*** Opening of Data ***

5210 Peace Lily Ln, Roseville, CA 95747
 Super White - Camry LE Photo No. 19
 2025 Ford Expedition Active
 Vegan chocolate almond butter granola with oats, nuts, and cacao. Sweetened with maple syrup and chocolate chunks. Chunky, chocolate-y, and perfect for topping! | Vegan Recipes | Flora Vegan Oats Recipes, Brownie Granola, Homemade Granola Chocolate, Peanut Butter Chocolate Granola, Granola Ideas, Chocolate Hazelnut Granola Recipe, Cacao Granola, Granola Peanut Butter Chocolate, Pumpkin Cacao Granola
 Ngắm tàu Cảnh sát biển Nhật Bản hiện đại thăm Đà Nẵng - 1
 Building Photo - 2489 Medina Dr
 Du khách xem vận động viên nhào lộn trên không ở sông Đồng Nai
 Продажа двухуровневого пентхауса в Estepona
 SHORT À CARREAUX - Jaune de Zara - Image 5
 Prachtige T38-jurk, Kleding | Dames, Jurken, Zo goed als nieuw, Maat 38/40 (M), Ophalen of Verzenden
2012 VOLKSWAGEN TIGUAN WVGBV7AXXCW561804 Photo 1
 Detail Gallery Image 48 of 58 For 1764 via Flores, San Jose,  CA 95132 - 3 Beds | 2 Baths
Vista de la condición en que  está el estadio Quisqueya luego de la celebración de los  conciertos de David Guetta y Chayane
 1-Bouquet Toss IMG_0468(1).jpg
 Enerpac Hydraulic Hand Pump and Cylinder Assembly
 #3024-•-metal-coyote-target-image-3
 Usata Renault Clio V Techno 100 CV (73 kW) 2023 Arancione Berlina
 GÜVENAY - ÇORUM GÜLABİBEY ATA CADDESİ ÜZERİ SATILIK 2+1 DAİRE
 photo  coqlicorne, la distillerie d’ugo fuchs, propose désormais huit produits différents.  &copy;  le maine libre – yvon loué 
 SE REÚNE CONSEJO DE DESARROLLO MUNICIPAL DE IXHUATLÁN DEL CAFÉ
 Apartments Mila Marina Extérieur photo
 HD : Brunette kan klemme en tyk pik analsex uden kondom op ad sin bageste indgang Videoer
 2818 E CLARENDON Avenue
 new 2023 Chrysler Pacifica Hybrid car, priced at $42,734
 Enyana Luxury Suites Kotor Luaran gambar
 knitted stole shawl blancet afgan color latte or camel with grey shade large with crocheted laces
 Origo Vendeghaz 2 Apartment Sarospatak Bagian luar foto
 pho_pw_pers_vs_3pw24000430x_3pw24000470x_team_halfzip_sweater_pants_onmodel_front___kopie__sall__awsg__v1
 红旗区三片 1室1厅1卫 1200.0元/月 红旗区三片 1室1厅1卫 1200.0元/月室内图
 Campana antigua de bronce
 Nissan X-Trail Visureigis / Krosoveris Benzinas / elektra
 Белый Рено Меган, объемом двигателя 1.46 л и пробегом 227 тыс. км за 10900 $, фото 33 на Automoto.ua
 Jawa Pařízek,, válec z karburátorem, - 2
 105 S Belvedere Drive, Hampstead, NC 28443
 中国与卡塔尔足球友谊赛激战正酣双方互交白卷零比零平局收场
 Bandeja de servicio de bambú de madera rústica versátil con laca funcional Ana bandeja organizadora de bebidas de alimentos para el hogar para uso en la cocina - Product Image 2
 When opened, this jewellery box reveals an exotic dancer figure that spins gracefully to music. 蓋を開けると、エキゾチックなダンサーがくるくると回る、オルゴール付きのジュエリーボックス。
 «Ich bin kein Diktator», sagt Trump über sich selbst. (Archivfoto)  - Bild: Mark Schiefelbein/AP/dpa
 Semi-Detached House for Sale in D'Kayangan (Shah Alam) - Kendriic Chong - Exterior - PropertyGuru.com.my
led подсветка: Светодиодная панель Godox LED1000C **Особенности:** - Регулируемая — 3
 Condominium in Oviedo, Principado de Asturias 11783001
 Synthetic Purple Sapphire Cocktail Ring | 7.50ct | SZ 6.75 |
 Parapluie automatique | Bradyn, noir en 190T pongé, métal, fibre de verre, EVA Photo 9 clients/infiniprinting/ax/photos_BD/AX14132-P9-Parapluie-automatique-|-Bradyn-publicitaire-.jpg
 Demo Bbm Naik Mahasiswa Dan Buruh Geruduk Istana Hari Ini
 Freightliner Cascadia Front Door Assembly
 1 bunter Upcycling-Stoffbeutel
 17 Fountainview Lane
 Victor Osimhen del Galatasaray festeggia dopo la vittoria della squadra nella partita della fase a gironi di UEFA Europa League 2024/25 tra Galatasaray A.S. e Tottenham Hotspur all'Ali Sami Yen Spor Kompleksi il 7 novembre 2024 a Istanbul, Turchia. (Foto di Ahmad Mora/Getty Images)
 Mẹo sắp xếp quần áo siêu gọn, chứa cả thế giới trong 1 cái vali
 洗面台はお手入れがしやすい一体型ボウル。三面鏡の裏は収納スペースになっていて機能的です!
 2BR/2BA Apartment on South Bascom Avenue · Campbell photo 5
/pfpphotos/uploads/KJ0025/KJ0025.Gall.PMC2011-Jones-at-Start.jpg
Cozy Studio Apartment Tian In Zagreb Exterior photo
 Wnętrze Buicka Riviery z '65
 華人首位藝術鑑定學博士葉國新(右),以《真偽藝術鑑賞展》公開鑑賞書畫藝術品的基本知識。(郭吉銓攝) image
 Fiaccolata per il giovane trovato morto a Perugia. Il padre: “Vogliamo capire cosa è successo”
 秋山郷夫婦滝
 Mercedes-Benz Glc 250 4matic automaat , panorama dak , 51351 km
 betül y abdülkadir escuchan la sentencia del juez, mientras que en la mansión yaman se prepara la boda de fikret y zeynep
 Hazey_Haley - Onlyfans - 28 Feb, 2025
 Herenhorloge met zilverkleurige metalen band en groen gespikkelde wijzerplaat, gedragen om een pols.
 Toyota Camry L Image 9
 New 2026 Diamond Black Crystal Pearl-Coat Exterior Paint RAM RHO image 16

*** Close of Data ***

▶ [Work to be completed]:
The expected result is a copy of each line in the records where "Avenue" appears.

▶ [Task response]:
 2818 E CLARENDON Avenue
 2BR/2BA Apartment on South Bascom Avenue · Campbell photo 5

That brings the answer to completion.